Paul Murphy has been accused of multiple crimes including, disgracefully, incitement to hatred and leading a mob. The reality is that Paul was one of the victims of a very heavy-handed approach by the police. There is video evidence that their actions caused him to be choked and to end up bare chested after his clothes were dragged off him.
The coverage of this protest and in particular the demonisation of Paul Murphy, the Socialist Party and AAA, has dominated the news since. We and the community of Jobstown have nothing to apologise for. It is not the working class fighting back that is the threat to democracy, but politicians and parties that break their promises when in power. If they think it's business as usual and that government politicians will be welcomed regardless of the policies they are implementing, they are making a bad mistake.

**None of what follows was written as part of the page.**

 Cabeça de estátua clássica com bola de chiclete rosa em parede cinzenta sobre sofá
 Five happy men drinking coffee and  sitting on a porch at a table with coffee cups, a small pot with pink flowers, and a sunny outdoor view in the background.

The equating, by a Fine Gael TD in the Dáil (parliament), of the protest in Jobstown and Paul Murphy's role to that of the Islamic State is disgusting. The idea has also been put that the people of Jobstown, the Socialist Party and other activists are part of a dangerous "sinister fringe".

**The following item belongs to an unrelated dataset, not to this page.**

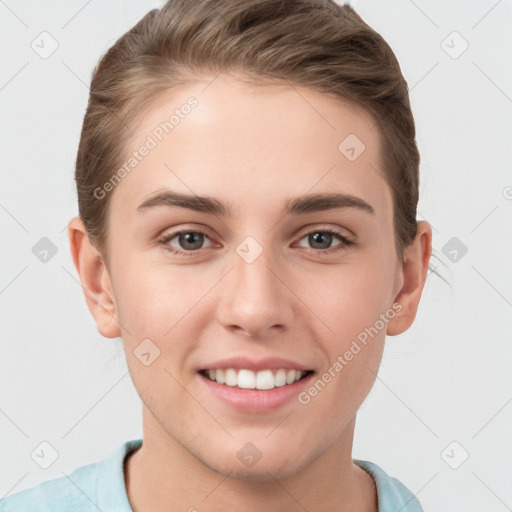 Joyful white young-adult female with short  brown hair and grey eyes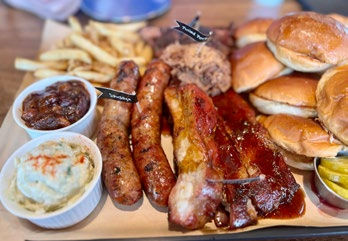 Assorted BBQ platter with ribs, sausages, pulled pork, buns, fries, and sides. Labels on meat. Warm, inviting presentation on a wooden table.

But these attempts are failing. An online poll found 49% disagreed with the protest, 45% agreed and the rest didn't know.
Paul Murphy's strong defence of the community of Jobstown in the media, powerfully backed up by Socialist Party TDs Ruth Coppinger and Joe Higgins, has had an important impact in exposing the distortions. Paul has been warmly welcomed at meetings since the protest, including receiving spontaneous applause when entering the room.
Neither has the government had success with their attempt to make the water charges acceptable. They have made major cuts to the bills, delayed the start date, suspended metered bills, and are giving €100 back to people if they register with Irish Water.
But it is widely understood that the lower charge would be increased once accepted and so the campaign to completely scrap the charges must continue. Recent polls show anywhere from 60% to 82% planning not to pay.
There is a significant prospect that the water charges will be an intractable crisis for this government, and could even lead to its collapse. The activists who have emerged in this new sweeping movement should consider what they can do to ensure that people are given a real choice in the election, whenever it may be. We need a fighting, working class and genuinely left alternative.
If a slate or umbrella stood on the programme below, it could achieve a huge breakthrough:
- Mass non-payment of water charges
- Scrap the water charges and all the new taxes and charges
- No support for coalition government with the parties of the capitalist establishment
- For a government that breaks with austerity and capitalism - put the key economic resources under democratic public ownership to ensure people come before profit
On this basis a strong and principled working class left could emerge out of the next general election, not just as a force in the Dáil but as a real force in the communities and the workplaces. The political situation in the country could be completely changed. Such a force could put a real fight for genuine democratic socialist change on the agenda.